Depuis des siècles, la féra frétille dans les eaux du Léman, excitant la convoitise des pêcheurs et, bien entendu, des cuisiniers. Pas étonnant, donc, de découvrir une manière de l’accommoder dans le premier livre de recettes paru dans le canton en 1798, La cuisinière genevoise.
Dans l’édition de 1817, réédité par les éditions Slatkine, la ferra (sic) passe sur le gril. Elle est d’abord engraissée avec du beurre frais, assaisonnée de poivre et sel, et maintenue entre quatre petits bâtons reliés par du fil pour qu’elle reste bien droite. Pendant qu’elle dore sur la braise, on hache des fines herbes, on les mélange à du beurre sans oublier de saler et poivrer, on ajoute trois clous de girofle, un peu de fleur de muscade et on pétrit le tout. Lorsque la «ferra» est cuite, on la farcit de cette préparation et on la sert illico.
Un petit siècle plus tard, le professeur de cuisine genevois Louis Maillard propose plusieurs recettes de féra (avec un seul r, désormais). Il la plonge, par exemple, dans la friture après l’avoir enrobé de lait et de farine. Chaleur moyenne pour débuter, puis plus forte pour bien dorer le poisson. À noter que le chef propose du persil frit en accompagnement.
Autre méthode, la féra «à la bonne tante». Le poisson est allongé dans un plat beurré, arrosé de vin blanc et enduis d’un mélange de beurre, d’oignon et champignons hachés et de persil. On le saupoudre ensuite de chapelure, on arrose de beurre fondu et on enfourne à haute température pour 15 à 20 minutes. Louis Maillard propose aussi de napper une féra poêlée au beurre ou rôtie au four d’un beurre maître d’hôtel fondu et tiède. Il est malaxé avec un jus de citron, du persil haché, sel et poivre.
Toutes ces préparations débouchaient inévitablement sur des surcuissons. La chair devait devenir cotonneuse…

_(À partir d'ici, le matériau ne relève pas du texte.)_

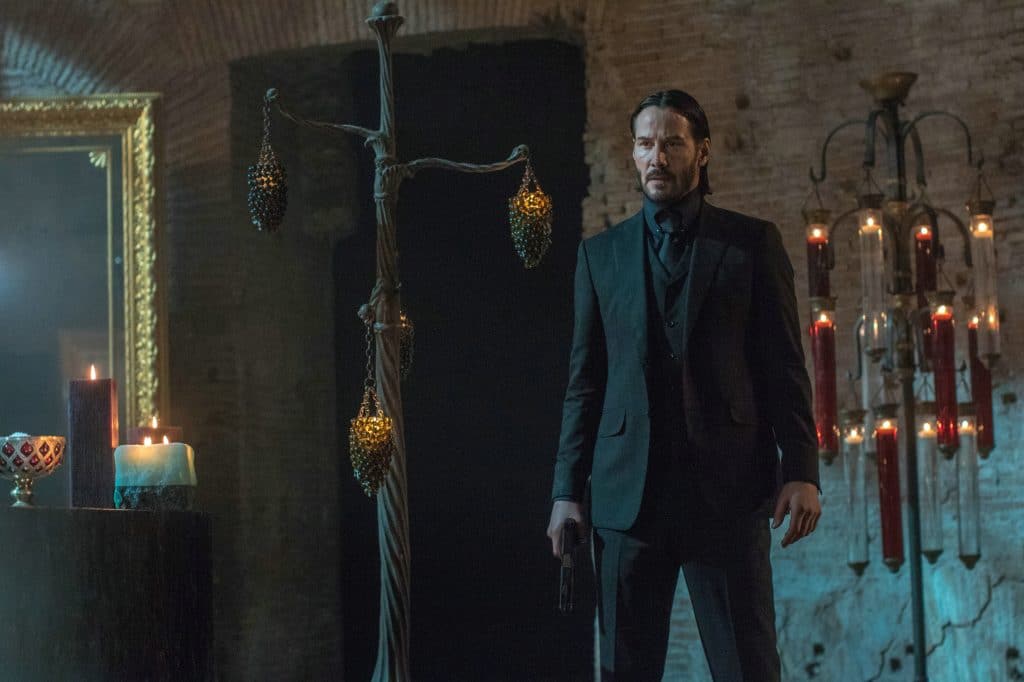 John Wick (Keanu Reeves), gut gekleidet, aber tödlich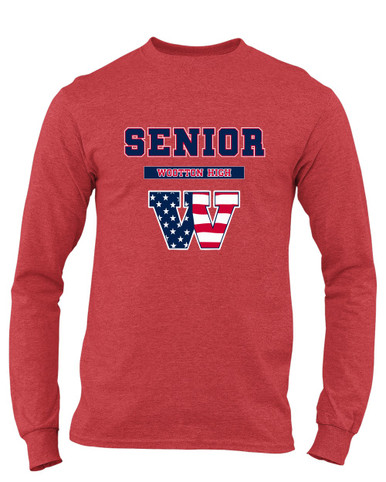 Wootton Patriots Senior #2 Men's Premium LS T-Shirt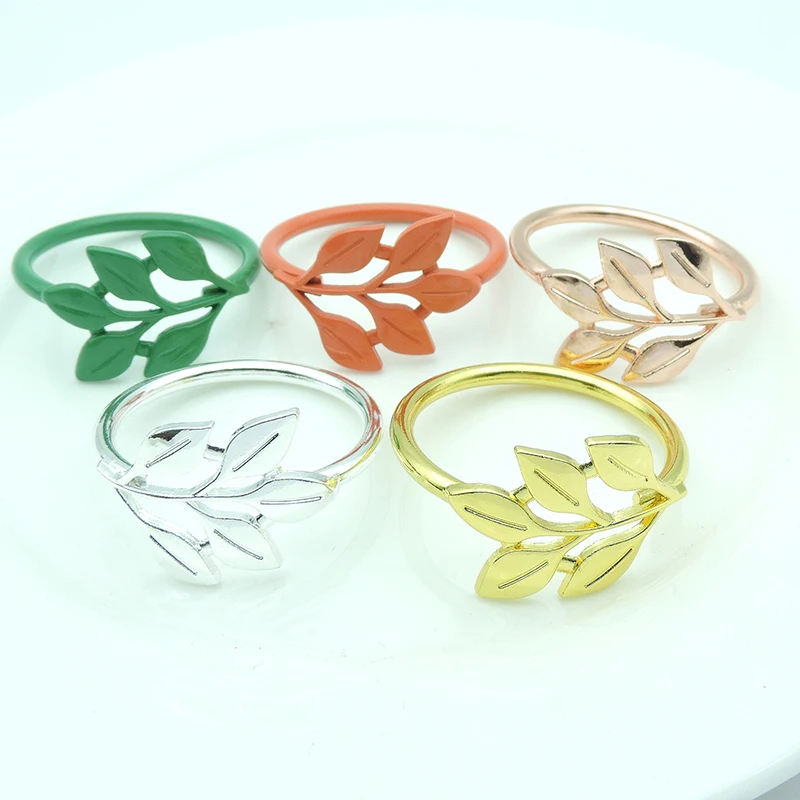 Senior Wedding Banquet Decoration Gold And Silver Metal Leaf Napkin Ring Buy Leaf Napkin Ring Gold Napkin Ring Silver Napkin Rings Product On Alibaba Com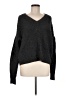 Madewell Gray Pleat-Sleeve Pullover Sweater Size M - photo 1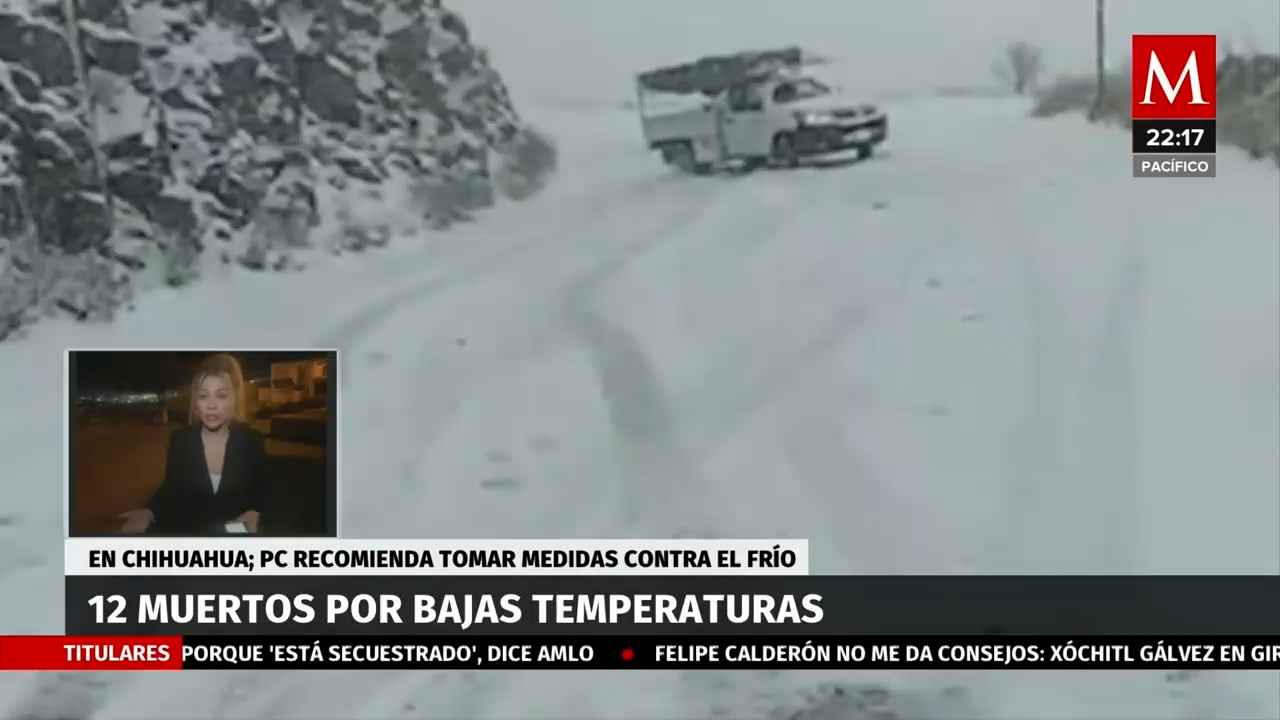 Consecuencias fatales de la tormenta invernal en Chihuahua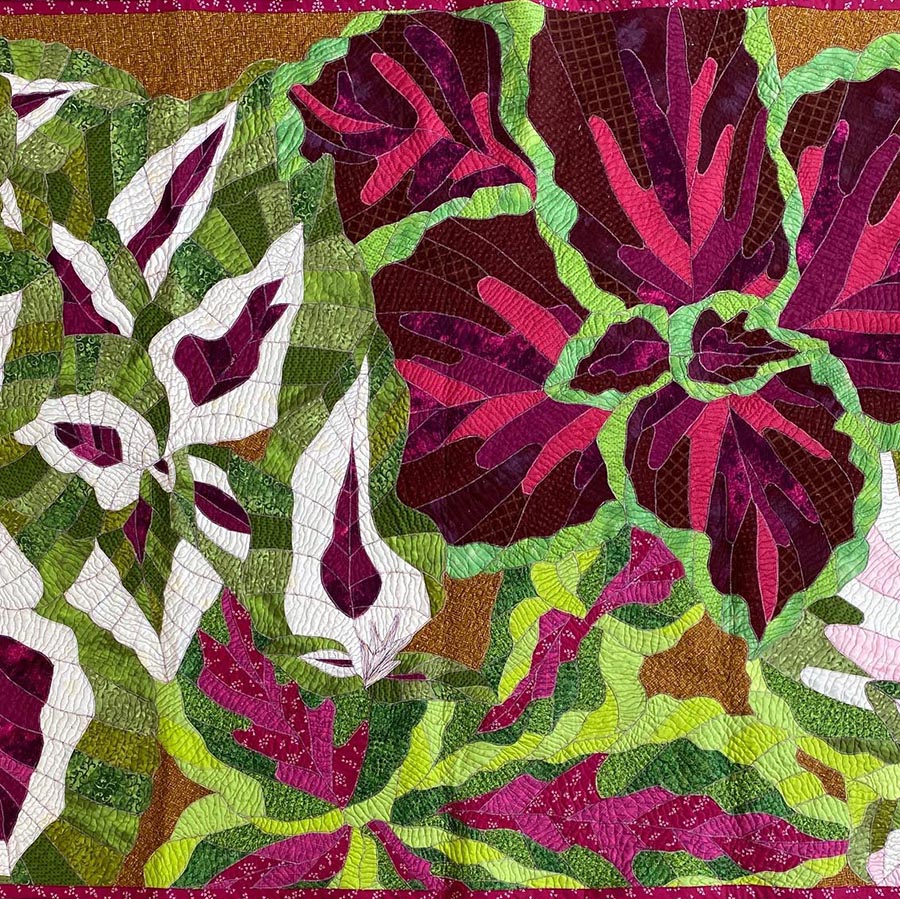 Coleus Chorus Quilt from Havested by Maia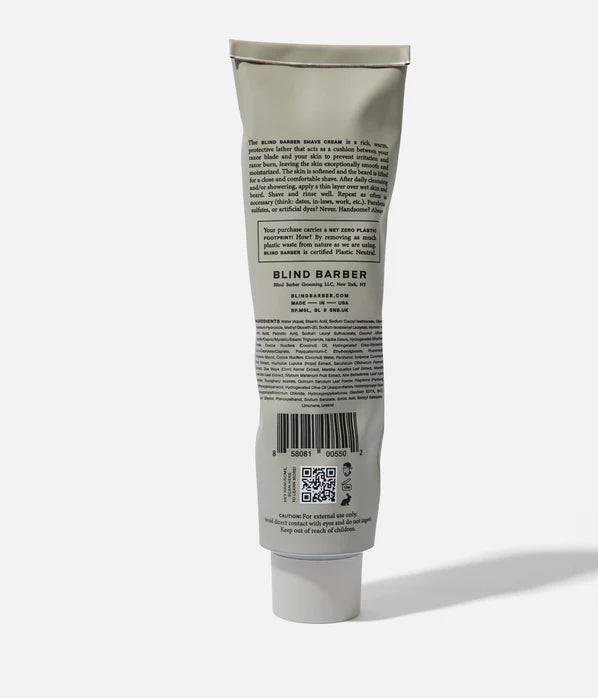 Premium Watermint Gin Shave Cream for Men - Natural Moisturizing & Soothing Shaving Cream with Botanical Extracts - Perfect for Sensitive Skin & Close Shaves - Ideal for Daily Grooming & Travel Kits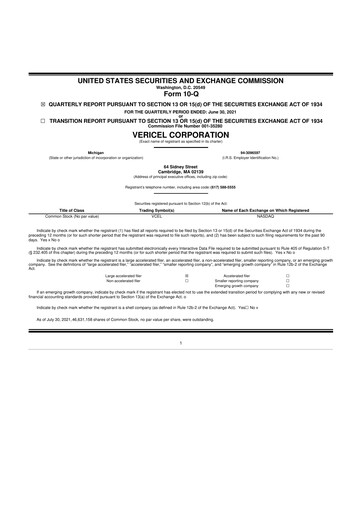 Thumbnail Vericel
 10-Q Quarterly Report FY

Valable encore aujourd’hui, les filets de féra s’accordent parfaitement avec la sauce genevoise qui accompagnait la plupart des poissons dans les cuisines familiales. Cette variante de la sauce poulette, comme nous l’a souligné l’ami Daniel Ficht, consiste à réaliser un roux, à le mouiller avec le court-bouillon qui a servi à pocher la féra et de finaliser la sauce en la liant avec de la crème fraîche additionnée d’un jaune d’œuf et en la relevant d’un filet de citron.